Lille peut se glorifier d’avoir été la première ville choisie pour un grand Congrès eucharistique. C’était en 1881 : trois cents prêtres et laïques s’y étaient groupés ; quatre mille hommes prirent part à la cérémonie de clôture. Ce commencement, comparé à ce que furent les récents Congrès, fait penser au grain de senevé croissant en un arbre où les oiseaux du ciel bâtissent leur nid.
Le choix de Lourdes, cette année, a une signification magnifique : il atteste une reprise solennelle de la terre de France par Jésus-Christ Roi et par Marie. Lourdes est pour les catholiques un fief inexpugnable ; le Sauveur est là, si l’on peut dire, chez lui plus qu’en nul autre lieu ; il circule parmi les foules qui l’acclament, et sa présence est tellement sensible que jamais il ne passe sans guérir des infirmes ou délivrer des âmes souffrantes.
Les apparitions de Lourdes ne sont qu’une révélation anticipée, imparfaite du paradis. Quand on lit les récits de Bernadette et des témoins immédiats[111], on éprouve quelque chose de ce rafraîchissement qu’au sortir du purgatoire doivent connaître les sanctifiés.
[111] Ils sont bien transcrits dans le livre limpide et fervent de M. Reynès-Monlaur, la Vision de Bernadette.

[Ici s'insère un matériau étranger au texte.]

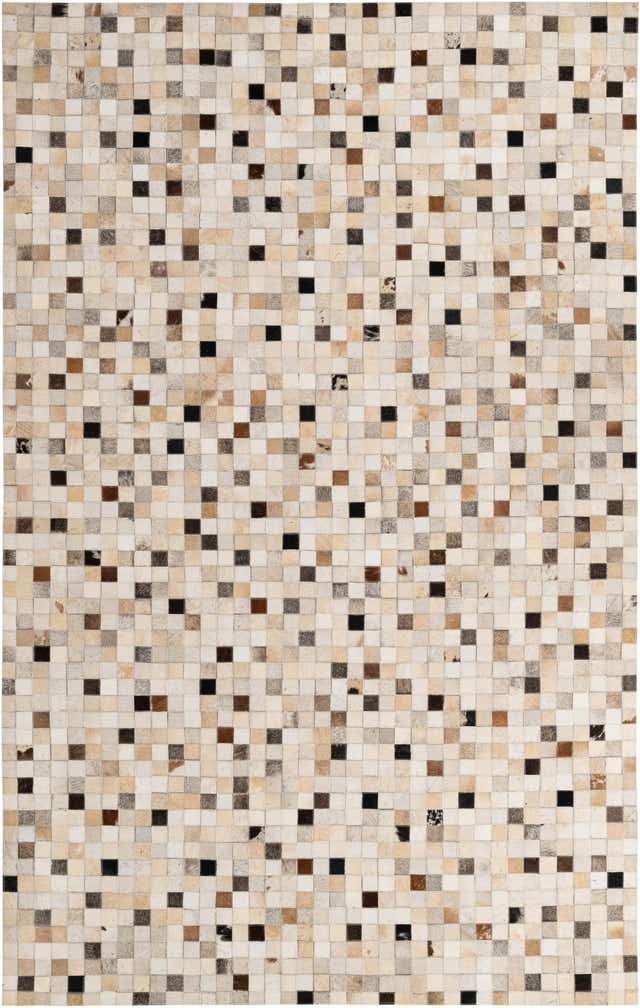 5' x 7' 10 Cowhide - Patchwork Rug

Je ne crois point qu’il y ait dans l’histoire du christianisme une série de phénomènes comparables aux dix-huit apparitions, à ces conversations, devant une foule, entre une petite fille agenouillée et la Dame qu’on ne voyait pas, mais dont le visage se réverbérait sur le sien, à qui elle répondait, selon les volontés de qui elle agissait ; et la source irrécusable afflua pour témoigner elle-même que Bernadette avait vu. Cela se passait en 1858, alors que Renan, maître des esprits, prétendait avoir exclu, sans retour, des faits le surnaturel. Quelle compassion démesurée dans cette insistance de Marie à s’affirmer existante !
Mais, bien qu’elle ait à Lourdes redit trois fois le mot : Pénitence ! elle ne s’y révèle pas, comme à la Salette, la Mère douloureuse, transfixée par les sept glaives et prédisant à ses fils ingrats les dernières épouvantes. Quand elle se montre à Bernadette, elle sourit et, tandis que l’enfant récite son chapelet, elle prononce avec elle : Gloire au Père, et au Fils, et au Saint-Esprit. Ce sourire de l’Immaculée, cet hosanna réitéré à la Trinité sainte, n’est-ce point le paradis vermeil, celui qui descendait sur la figure de Bernadette, « transparente comme si de la lumière passait au travers ? » Et, racontait la voyante, la Dame souriait aussi en regardant les autres petites filles qui étaient là, les hommes et les femmes, toute l’humanité pécheresse. Or, le regard de Marie sur nous, c’est celui même du Fils de Dieu resplendissant en elle, l’éblouissement de l’éternelle Hostie réfléchi sur celle qui n’a jamais péché.
Ainsi, Lourdes est bien l’endroit de la terre où il nous convient le mieux de célébrer les merveilles du Saint Sacrement. Ainsi, nous tissons à notre siècle un manteau d’une pourpre radieuse, où sera mêlé, souhaitons-le, le rouge de notre sang[112], mais qui porte déjà la couleur du Sang de Jésus-Christ. Quand bien même son avenir serait lourd de calamités et d’ignominies, il aura eu l’ineffable privilège d’être le siècle eucharistique.
[112] Ces pages furent écrites en Juin 1914 ; elles parurent le 12 Juillet dans La Semaine littéraire.